The hero of the old Soviet film "His Excellency's Adjutant", which was sold in quotes, an officer of the White Army, Colonel Shchukin, turns to a subordinate who brutally beat a prisoner with the question: "I doubt, second lieutenant, did you have a mother?"

The catchphrase “Did you have a mother”, despite the fact that biologically it could not have been, has become a marker that allows you to distinguish a person from an anti-human or post-human.

It separates the personality, based on the bonds of childhood, from the social mutant who does not know kinship, lives outside the ideas of good and evil, outside the red lines and coordinate system, capable of walking over corpses and not appreciating the lives of others.

The life that a loving, non-surrogate mother gives to a person.

Indian Prime Minister Narendra Modi - one of the most influential world politicians and just a person who does not need to be asked the most important question: "Did you have a mother?" world, while congratulating his mother on her centenary.

Modi wrote a whole confession about the mother, filled with details from childhood, when their family lived in a tiny house that did not even have a window, not to mention such luxuries as a toilet or bathroom.

“We called this one-room house with adobe walls and clay tiles our home,” Modi recalls, describing how the roof leaked during the monsoons and their shack was knee-deep in water.

The main delicacy, when there was not enough food, was cakes and palm sugar, which his mother divided bit by bit for everyone.
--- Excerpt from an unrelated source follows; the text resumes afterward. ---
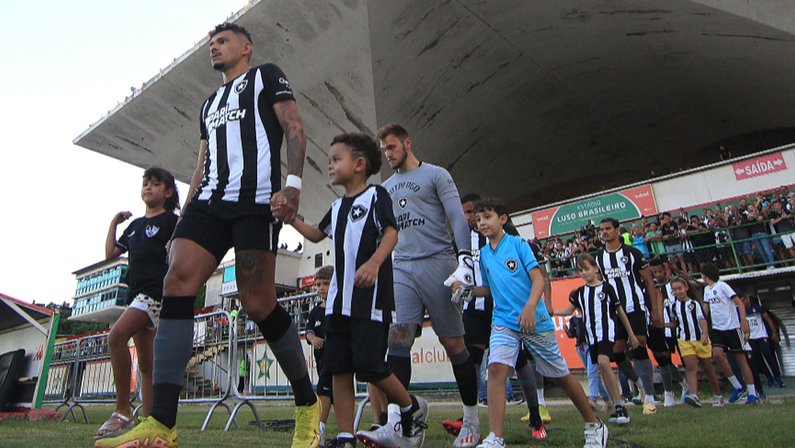 BOTAFOGO DECIDE COM EMPATE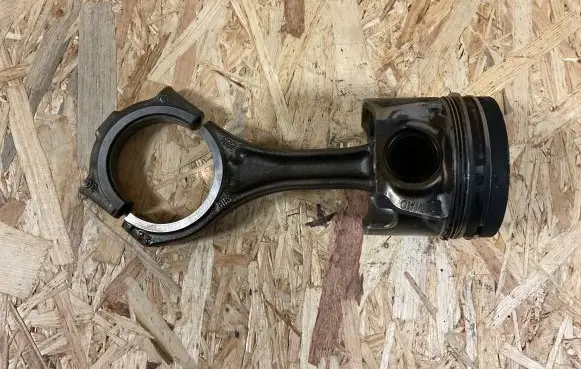 Volkswagen Touareg I Connecting rod/conrod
After reading this text, which could only be written by a loving son and a devout Hindu, one can understand a lot about the Indian way of life with its austerity and sacred cow cult, which shocks someone, causing disgust, and admires someone as a defiant challenge to the Western world and cult. material luxury.

“Deficiency usually leads to stress.

However, my parents never let the anxiety of day-to-day life disturb the family atmosphere.

Mom loved to decorate the house and devoted a lot of time to cleaning it.

She smeared the floor with cow dung.

The cow dung cakes gave off a lot of smoke when they burned.

Mom cooked for them in our windowless house,” Modi shares her memories.

“Another habit of my mother that I always remember is her special attachment to living beings.

Every summer she set out water containers for the birds, and she made sure that the stray dogs around our house never went hungry.

Cows in our area were also entitled to their share.

Mother fed the cows with dried cakes, flavored them with homemade ghee,” he continues.

Narendra Modi's mother Hiraben Modi, who was born in a British colony a quarter of a century before the creation of an independent Indian state, is in good health, has retained her sobriety of mind and still helps her son manage a huge ship called the "Republic of India".

At critical moments, she finds words of blessing for him.

When Modi was not yet prime minister, but was the chief minister of the state of Gujarat, his mother said words to him that he would remember for a lifetime: “I don’t understand your work in government, but I just want you to never take bribes.”

And today, when people ask her if she is proud that her son became prime minister, Hiraben Modi says: “I am as proud as you are.

Nothing is mine.

I am just an instrument in the hands of God.”

The point of view of the author may not coincide with the position of the editors.